Category Archives: loneliness

Car Seat Headrest, Teens of Style: Why 42 Is the New 24

I should be too old for this album.

But I was in the car, on my way to Ballard some time in October, and I heard this song on its tin-can-line to my soul, the lo-fi production exactly the right timbre for the low-grade discontent creeping around in my life, just like this bass line lurks around the corners of this song.  And the repetitive, somewhat abrasive synth riff was the bright light in the middle, shaking me out of that driver’s spell, and asking me to listen and to care. And some boy-man was singing, with that kind of resignation 400 yards away from actually feeling bad,  “Maud / now you’re gone / now you’re gah ah ah ah ah ah ah ahn.”

The song was “Maud Gone,” a play on Yeats’s fierce Maud Gonne, the band (really just a singer) was Car Seat Headrest, and the album, I would find, was Teens of Style.

Teens of Style.  Teens.

It might be classic to say “I’m too old for this,” but this is my first mid-life crisis.  So, it’s new for me to say it.

Will Toledo, of Car Seat Headrest, is actually 23.  Will Toledo is a year out of college.  Will Toledo was just signed by Matador Records, the label of Pavement and Modest Mouse—bands actually my own age.  Will Toledo sings lyrics like this:  “I can’t talk to my folks” and “I want to kick my dad in the shins.”

My dad is dead.  I’ve been out of college 22 years, almost as long as Will Toledo’s been alive.  I find those lyrics painfully young.  But too old or not, I love this album.  I love it.  And I think it’s because it helps me see why 42 is the new 24.

Here’s why:  the sub-heading of Collin Brennan’s article “Why Car Seat Headrest is the Indie Hero We’ve Been Waiting For” is this:

Check.  Check, check, and check.

Isn’t that basically the description of a midlife crisis?  This is the final essay in my triptych on the three albums mirroring my year last year (for parts I and II, see Angel Olsen and Other Lives), and I have two things to tell you about loneliness.  Ok.

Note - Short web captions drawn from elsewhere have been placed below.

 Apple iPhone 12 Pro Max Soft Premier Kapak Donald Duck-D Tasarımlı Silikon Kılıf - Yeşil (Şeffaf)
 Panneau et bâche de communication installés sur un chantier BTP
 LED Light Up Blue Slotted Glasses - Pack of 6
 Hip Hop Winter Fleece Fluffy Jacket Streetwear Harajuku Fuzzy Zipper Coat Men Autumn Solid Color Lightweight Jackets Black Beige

Three.

Heavy Boots on My Throat / I Need Something Soon

“Something Soon” is a song about the anxiety of not knowing what you want next, but knowing that something needs to happen.  I’ve been in that place for about, oh, two or three years.  Perhaps that’s why I write about the past so much.  In the face of anxieties about my career (the dean wanted to cut my position three weeks ago.  It’s safe.  For now), the possibilities I’m letting go of (marriage, children, home ownership), and the patterns I’m coming to accept (what if it really IS just me forever?  What if I always AM going to be this lazy?), I find it immensely comforting to take what’s already happened and mine it for the insight and intimacy I have difficulty accessing as of late. Or, as Will Toledo puts it, “I was referring to the present in past tense / It was the only way that I could survive it.”  THAT’S a GREAT LINE.

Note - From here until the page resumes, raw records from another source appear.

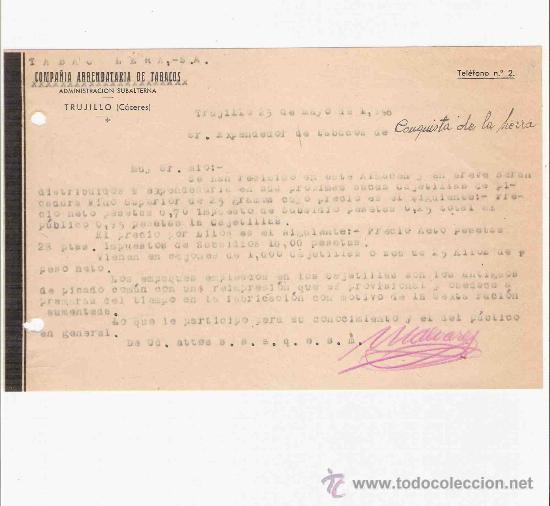 Commercial Letters: ESPA&Ntilde;A. CACERES. TRUJILLO. CARTA. COMPA&Ntilde;IA ARRENDATARIA DE TABACOS. 1946.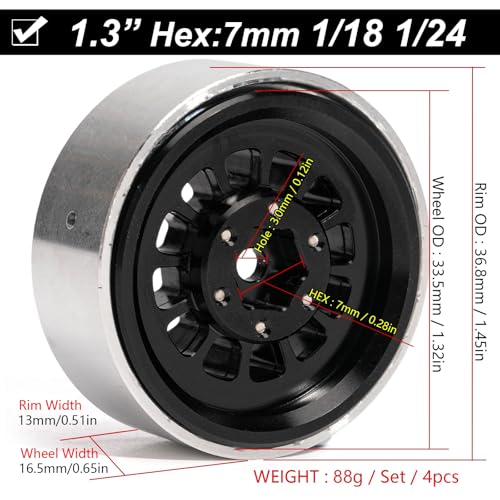 1.3” Aluminum Beadlock Wheels, -4.53mm Offset CNC 7 mm Hex Rims for 1/18 1/24 RC Crawler TRX4M, Axial SCX24 AX24, Redcat Ascent-18, FMS FCX24, 4 pcs, Black - color: Black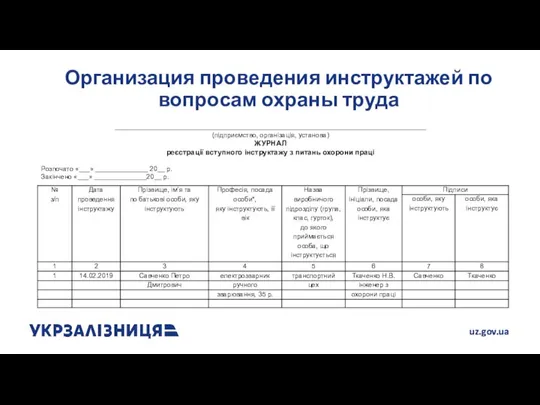 Организация проведения инструктажей по вопросам охраны труда ___________________________________________________________________________________ (підприємство, організація, установа) ЖУРНАЛ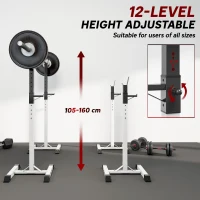 HOMCOM Heavy Duty Weight Bar Barbell Squat Stand Barbell Rack Spotter, for Home, Gym - Black(m-5)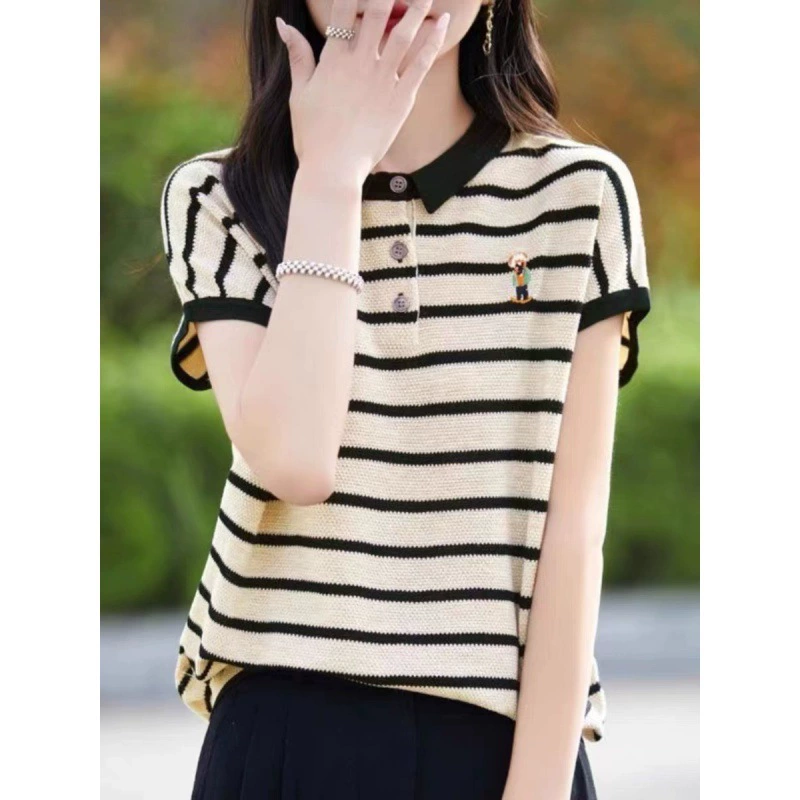 Polo de punto a rayas bordado de manga corta - Nueva colección 2024 para mujer - Polo de corte holgado negro imagen 1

The other lyrics are a list of Wants and Needs:

I want to break something important
I want to kick my dad in the shins

[ . . . .]
I want to close my head in the car door
I want to sing this song like I’m dying

Heavy boots on my throat I need
I need something soon
I need something soon
I can’t talk to my folks I need
I need something soon
I need something soon
All of my fingers are froze I need
I need something soon
I need something soon
Only one change of clothes I need
I need something soon
I need something soon
My head is my head is my head is

Oh, but the heavy boots are so different now, at 42.  It’s not so much the pressure from others but your own boots on your own throat.  It’s not that, at 24, you aren’t hard on yourself, but, from what I remember, you have that sense that somehow, you’ll be shown the right way, if only you can find the right something.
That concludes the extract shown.